Postdoctoral researcher in Ethics, Political philosophy and Philosophy of Law
Core professor of the Global Center for Advanced Studies
Claudia Landolfi is an Italian philosopher of the metamorphosis of contemporary subjectivity. Following the completion of her Ph.D. dissertation on Deleuze and Hume about the connections between desire-law-institutions, she has served for the last two years as a researcher at Jan van Eyck Academy in Maastricht, Netherlands, the Dutch center for research in art, design and philosophy. While working in the Theory Department under the direction of the Slovenian theorist Mladen Dolar, she has participated in numerous international conferences both as selected and as invited speaker. She has written books and essays on modern and contemporary Western philosophy with a particular focus on the subjectivation processes in the neoliberal digital apparatuses which restructure the relation between nature and culture, desire and power. She is working out a theory on the subjectivity defining concepts as: ‘digital governmentality’, ‘governamentalization of emotions’ in digital media, ‘digital shrift’, ‘psychic enclosure’,‘informational matter’, ‘legal principle of subjectivation’. Psychic enclosure is represented by the formulation of a judgmental internalized norm which regulates the emotions and which is activated by digital media’s apparatuses, thus producing the moralized-judgmental subject in digital media ‘court’ over the affective and informational matter which is the singularity in its desiring facets.
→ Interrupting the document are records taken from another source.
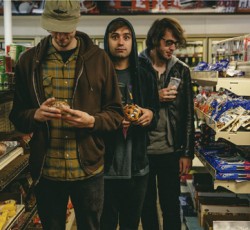 Συνεργασία μελών των Cloud Nothings και Wavves 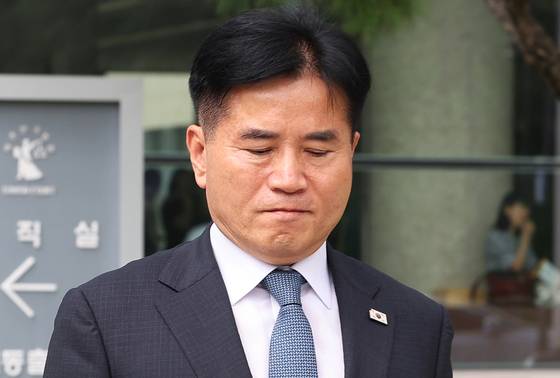 2024년 4·10 총선 과정에서 재산 일부를 누락 신고한 혐의 등으로 기소돼 1심에서 당선무효형을 선고받은 이병진 더불어민주당 의원이 지난해 8월 28일 경기도 수원시 영통구 수원고등법원에서 열린 항소심 선고공판을 마치고 나오고 있다. 연합뉴스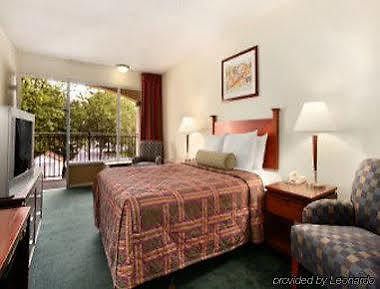 Hotel O Daylight Inn Elkhart I-90, In Номер фото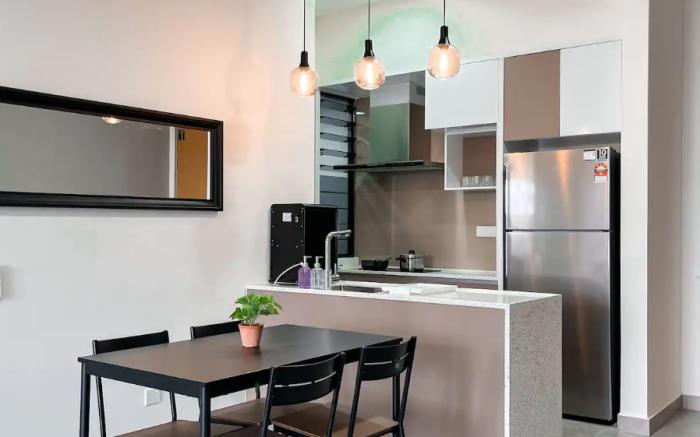 Cozy 3BR [2-8pax] 65"TV near MidValley/Pavilion 2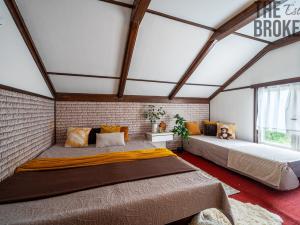 Prodej chaty, Kyje, 105 m2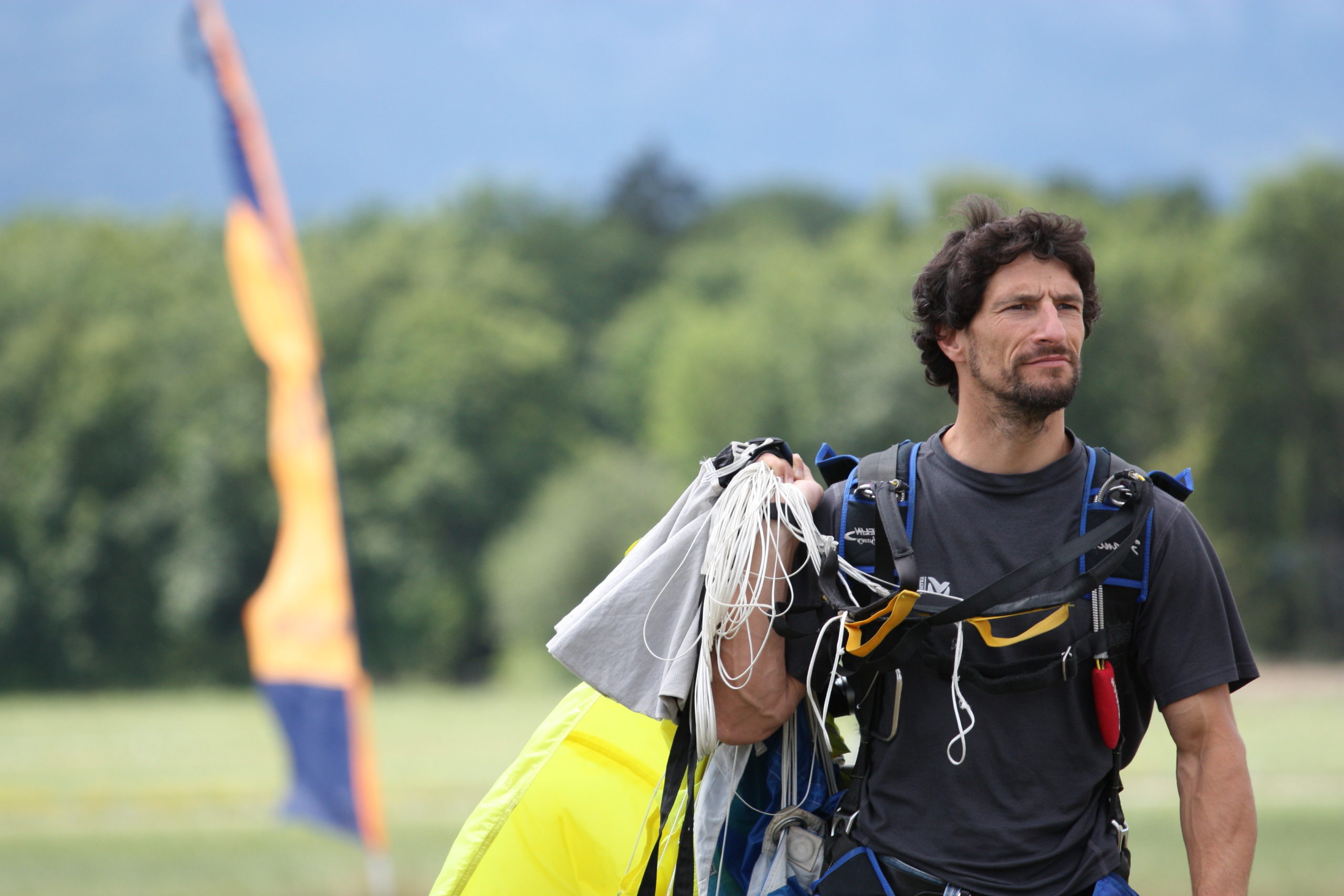 Jean Debièvre moniteur de parachutisme
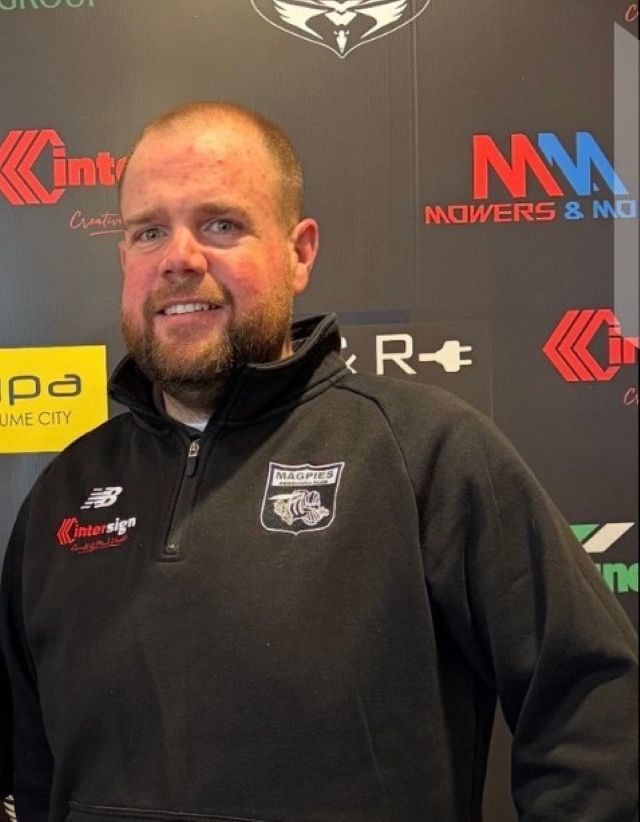 Hocking steps up at Roxy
The internalized judgment is an extension of the apparatus of control (as self-control), thus digital media’s function is understood not only as spectacularization and control but also as a court finalized to the inclusion of people adopting the dominant anthropological model (the judge who works for capitalist production) and to the exclusion of the unproductive differences. The difference is not in the multiplication of tastes and orientations as such but is the non-judgmental and evenimential multiplicity. Her current research on the affect tends to open the subjective potential subtracting it to the judgment. Her aim is to propose an Ethics of Affect on an Empiricist basis, stressing the concepts of imagination, indetermination and invention, criticizing the cause-effect law and the anthropological paradigm which she calls ‘the legal subject’.